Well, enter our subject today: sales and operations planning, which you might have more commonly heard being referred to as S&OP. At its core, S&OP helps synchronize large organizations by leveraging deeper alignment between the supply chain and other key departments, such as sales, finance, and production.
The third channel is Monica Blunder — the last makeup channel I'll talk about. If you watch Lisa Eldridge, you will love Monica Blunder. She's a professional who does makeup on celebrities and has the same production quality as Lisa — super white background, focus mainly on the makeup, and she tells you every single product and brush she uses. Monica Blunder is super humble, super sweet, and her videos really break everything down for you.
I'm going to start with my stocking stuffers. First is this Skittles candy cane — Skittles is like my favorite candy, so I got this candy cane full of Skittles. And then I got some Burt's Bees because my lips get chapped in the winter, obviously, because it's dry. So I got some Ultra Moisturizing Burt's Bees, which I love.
************
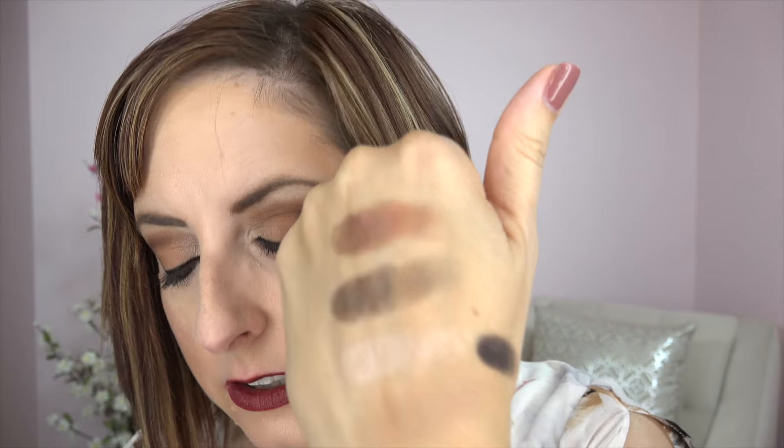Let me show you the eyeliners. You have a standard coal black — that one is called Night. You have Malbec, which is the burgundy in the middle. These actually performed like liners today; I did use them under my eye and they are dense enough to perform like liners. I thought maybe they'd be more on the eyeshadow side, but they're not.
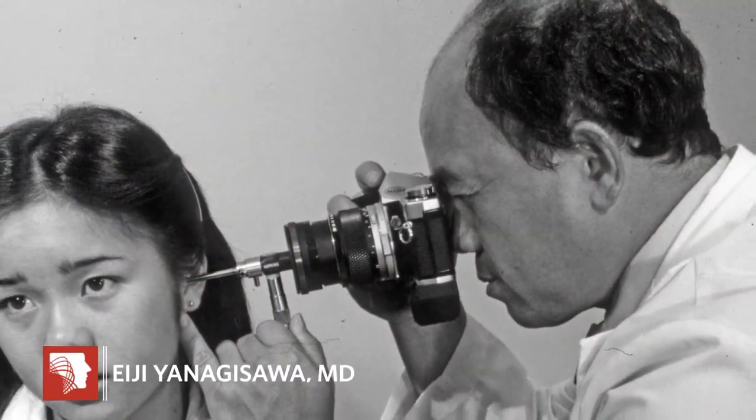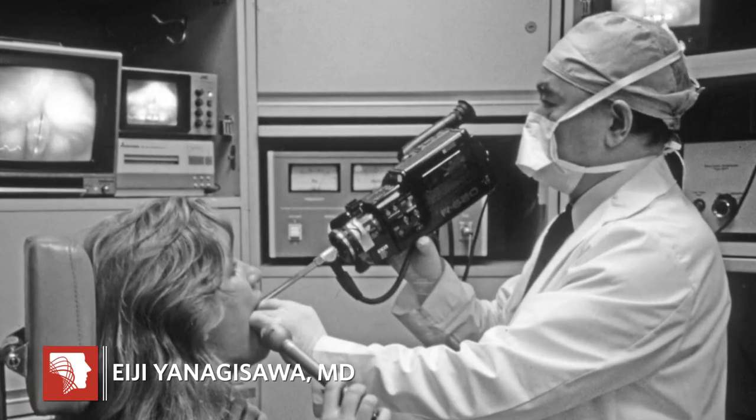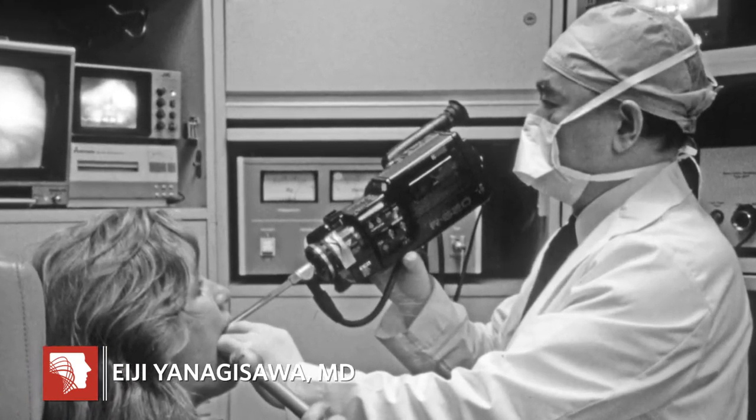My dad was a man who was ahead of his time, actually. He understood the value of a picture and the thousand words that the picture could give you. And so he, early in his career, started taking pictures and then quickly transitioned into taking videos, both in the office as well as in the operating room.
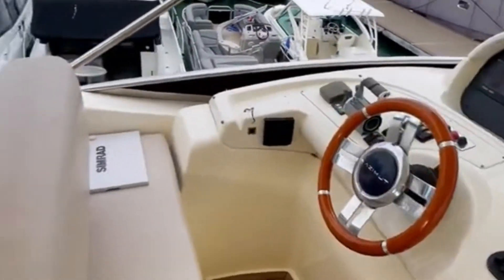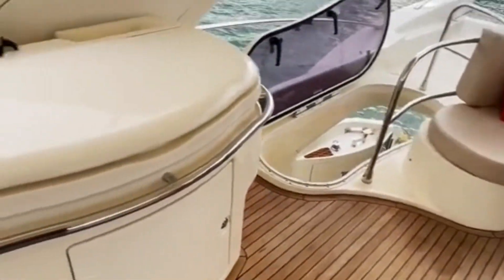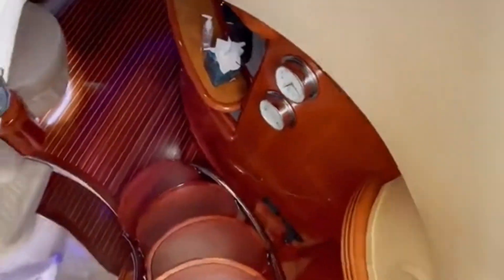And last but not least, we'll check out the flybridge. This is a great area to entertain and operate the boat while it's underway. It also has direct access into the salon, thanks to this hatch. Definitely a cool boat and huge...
************
TASK DETAILS:
Look above for the line holding "Well, enter our". Print it and every line after it, exactly, through the line holding "I'm going to".

EXERCISE OUTPUT:
Well, enter our subject today: sales and operations planning, which you might have more commonly heard being referred to as S&OP. At its core, S&OP helps synchronize large organizations by leveraging deeper alignment between the supply chain and other key departments, such as sales, finance, and production.
The third channel is Monica Blunder — the last makeup channel I'll talk about. If you watch Lisa Eldridge, you will love Monica Blunder. She's a professional who does makeup on celebrities and has the same production quality as Lisa — super white background, focus mainly on the makeup, and she tells you every single product and brush she uses. Monica Blunder is super humble, super sweet, and her videos really break everything down for you.
I'm going to start with my stocking stuffers. First is this Skittles candy cane — Skittles is like my favorite candy, so I got this candy cane full of Skittles. And then I got some Burt's Bees because my lips get chapped in the winter, obviously, because it's dry. So I got some Ultra Moisturizing Burt's Bees, which I love.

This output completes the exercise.